TASK TO COMPLETE:
From the line that contains "Customer photo review" to the final line of the entries below, write out every line exactly as it appears, and nothing else.

━━━━━ SOURCE DATA ━━━━━

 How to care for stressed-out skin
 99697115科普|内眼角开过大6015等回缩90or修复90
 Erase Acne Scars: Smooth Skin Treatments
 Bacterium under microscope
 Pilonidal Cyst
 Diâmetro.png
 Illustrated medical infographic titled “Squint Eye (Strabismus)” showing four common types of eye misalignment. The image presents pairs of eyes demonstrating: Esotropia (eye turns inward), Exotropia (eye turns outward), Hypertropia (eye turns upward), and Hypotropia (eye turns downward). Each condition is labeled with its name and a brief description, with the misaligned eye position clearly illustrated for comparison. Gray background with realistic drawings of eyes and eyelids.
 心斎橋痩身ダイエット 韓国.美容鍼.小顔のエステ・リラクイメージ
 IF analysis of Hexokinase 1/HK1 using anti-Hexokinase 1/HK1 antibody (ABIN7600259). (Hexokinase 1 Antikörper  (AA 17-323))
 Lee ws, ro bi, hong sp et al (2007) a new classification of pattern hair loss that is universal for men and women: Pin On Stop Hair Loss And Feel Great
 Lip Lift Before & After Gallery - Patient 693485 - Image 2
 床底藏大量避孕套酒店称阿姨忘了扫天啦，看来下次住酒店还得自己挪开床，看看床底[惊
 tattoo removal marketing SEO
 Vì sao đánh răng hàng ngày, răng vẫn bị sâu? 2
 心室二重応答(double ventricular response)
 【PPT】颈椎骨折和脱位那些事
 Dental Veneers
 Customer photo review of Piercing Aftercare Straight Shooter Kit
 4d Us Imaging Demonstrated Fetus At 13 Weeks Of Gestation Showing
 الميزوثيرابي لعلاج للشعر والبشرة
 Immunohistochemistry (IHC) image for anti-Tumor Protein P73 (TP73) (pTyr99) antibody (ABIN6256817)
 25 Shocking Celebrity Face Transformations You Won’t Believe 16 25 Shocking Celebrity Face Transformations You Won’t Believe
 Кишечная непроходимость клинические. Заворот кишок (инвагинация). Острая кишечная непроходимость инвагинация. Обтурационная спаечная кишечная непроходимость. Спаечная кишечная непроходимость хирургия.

━━━━━

ANSWER BOX:
 Customer photo review of Piercing Aftercare Straight Shooter Kit
 4d Us Imaging Demonstrated Fetus At 13 Weeks Of Gestation Showing
 الميزوثيرابي لعلاج للشعر والبشرة
 Immunohistochemistry (IHC) image for anti-Tumor Protein P73 (TP73) (pTyr99) antibody (ABIN6256817)
 25 Shocking Celebrity Face Transformations You Won’t Believe 16 25 Shocking Celebrity Face Transformations You Won’t Believe
 Кишечная непроходимость клинические. Заворот кишок (инвагинация). Острая кишечная непроходимость инвагинация. Обтурационная спаечная кишечная непроходимость. Спаечная кишечная непроходимость хирургия.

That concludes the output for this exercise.